Japanese garb: I put on a lot of weight and most of my old Japanese garb no longer fits, so I’m making new Japanese garb. I’d like to have a court-worthy outfit finished this year, plus some simple lower-class camp garb (kosode, mobakama, ichime-gasa). I’d like to experiment some with construction techniques, reusing vintage kimono silk, or trying dyeing and fabric painting for embellishment.
Norse garb: my man needs his trousers! Alfgeirr has been after me to make a couple of pair of Thorsbjerg trousers for him. I didn’t get them done this year, but he’d like them by Lilies War next summer. He could also use some new tunics, a hat, and a coat. For myself, I’d like to make an apron-dress. Since I’ve sewn a lot in this style over the years, it’s just a question of fitting in the time to sew and learning more about embellishment (embroidery style, card-woven trim).
Fiber Arts: Some of this ties in with the sewing–fiber arts is a “dabbler” area for me.

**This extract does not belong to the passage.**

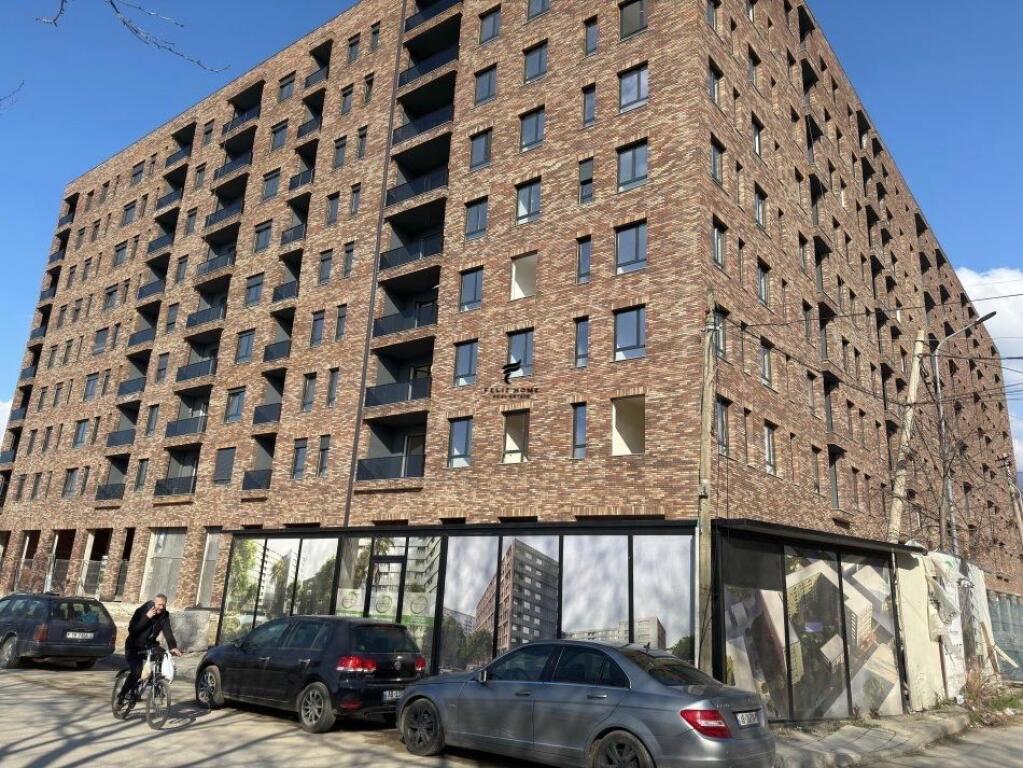 DYQAN ME QERA 240 M2 5 MAJ 4000 EURO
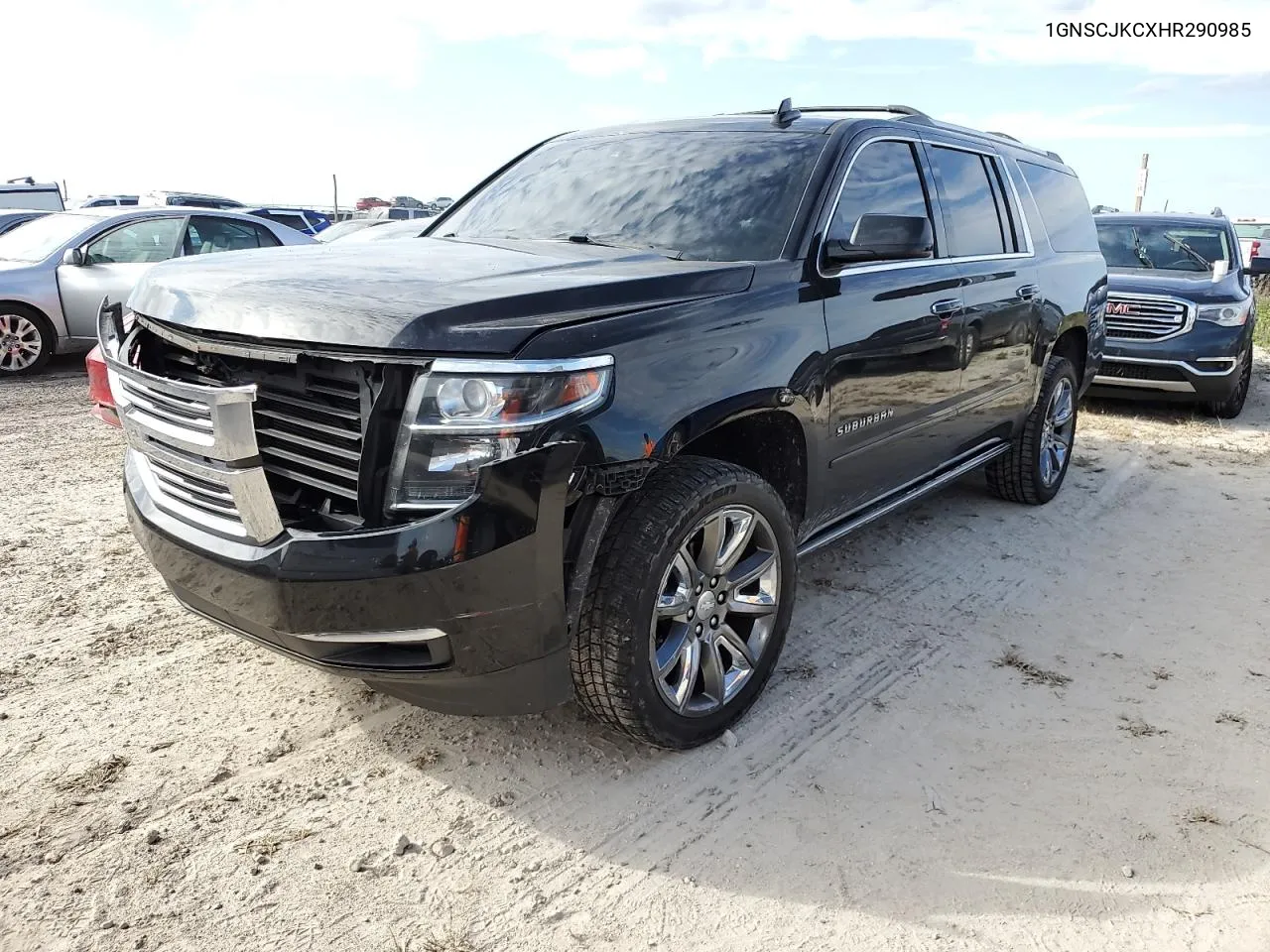 2017 Chevrolet Suburban C1500 Premier VIN: 1GNSCJKCXHR290985 Lot: 76667274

I want to play more with card-weaving and kumihimo, and learn the basics of sashiko stitching and maybe mess around some with dyes.
Calligraphy and Illumination: I’m still taking shodo lessons. Shodo is a lifetime art–there is so much to learn and do and try. I have two projects I want to complete this coming year: calliging the Iroha Poem in a variety of styles and carving some inkan (seals). I want to make a couple of European scrolls as well in 2017, either for kingdom or maybe as prize-scrolls, just to get back into practice. Calligraphy used to be my main art, but I’ve veered more towards poetry in recent years. Still, I’d like to keep my hand in.
Poetry: I’m in the middle of my first 100-poem sequence and wow, it is more difficult than I thought. So I plan to do another one in 2017 (or two, if I can manage it). I was playing around with the idea of straying into European poetic forms, but right now I have my hands full with the Japanese and Chinese. There is a boatload of background reading I have to do, since I have gotten my hands on some translated medieval poetic treatises. This is research heaven, but it also takes a lot of time.
Language study: Japanese language study continues at its slow, self-study pace. I’d be doing this even without the SCA, though, because it is fun.
Research: I want to learn more about the different medieval schools of Japanese Buddhism, as well as how Confucian and Daoist philosophy became integrated into the mainstream of Japanese society. There’s also been more published on nikki bungaku (diary literature), which I would like to get caught up on.
Besides local meetings, I’d like to average an event per month in 2017, finances and health permitting.
It’s a lot, isn’t it? I prefer to dream big. I may not get to everything I want to do in 2017, but this is just a template.